_Data to process_.
********
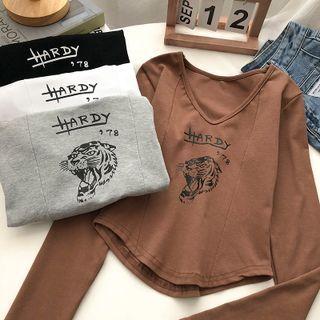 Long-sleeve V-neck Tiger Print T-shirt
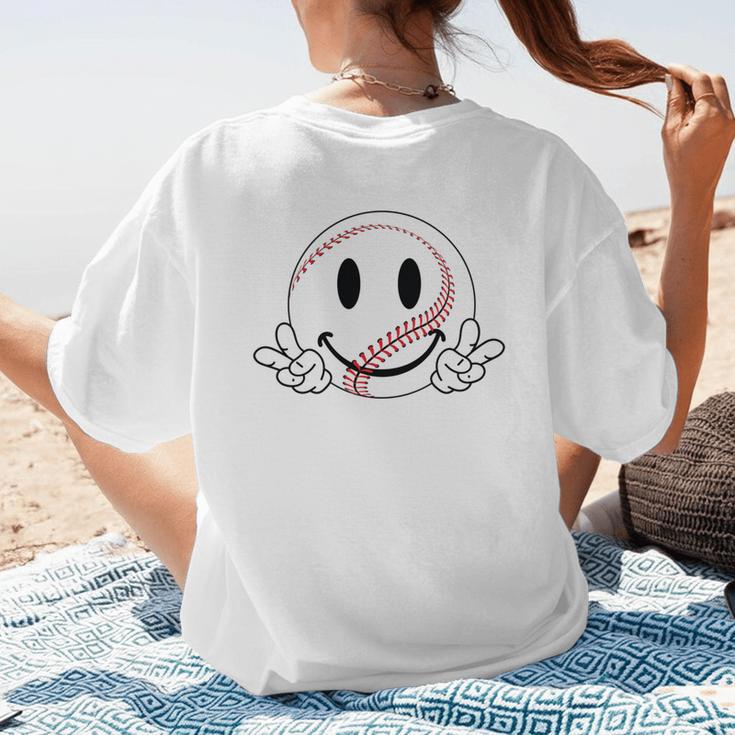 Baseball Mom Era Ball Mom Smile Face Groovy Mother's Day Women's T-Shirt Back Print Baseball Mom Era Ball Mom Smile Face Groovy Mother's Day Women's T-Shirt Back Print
********
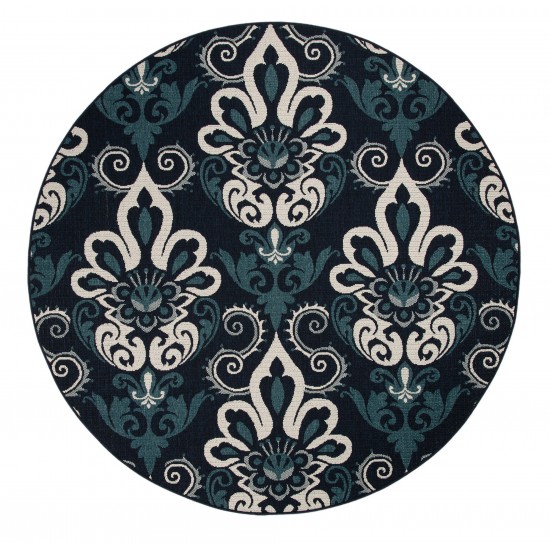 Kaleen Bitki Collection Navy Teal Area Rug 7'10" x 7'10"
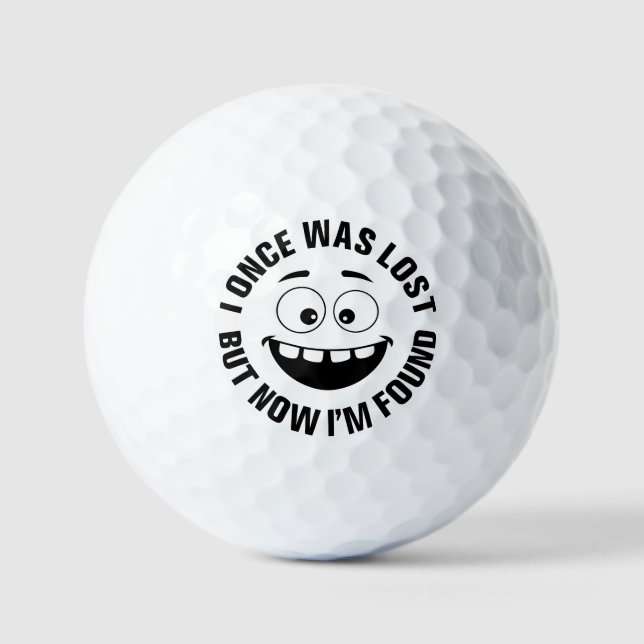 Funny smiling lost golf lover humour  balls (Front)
********
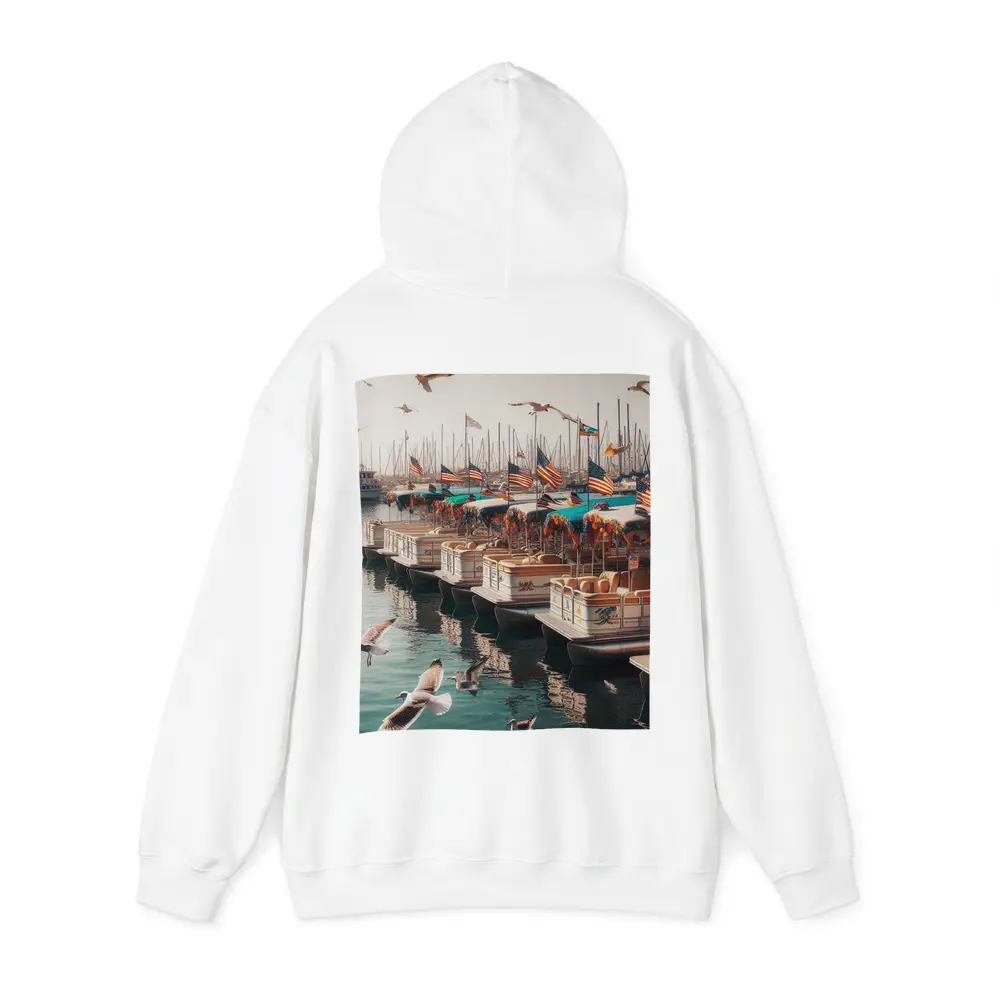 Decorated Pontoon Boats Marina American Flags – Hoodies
********
Please print the lines above word for word, starting at the one with "Kaleen Bitki Collection" and ending at the one with "Funny smiling lost", both included, and without any picture.

_Exercise result_.
 Kaleen Bitki Collection Navy Teal Area Rug 7'10" x 7'10"
 Funny smiling lost golf lover humour  balls (Front)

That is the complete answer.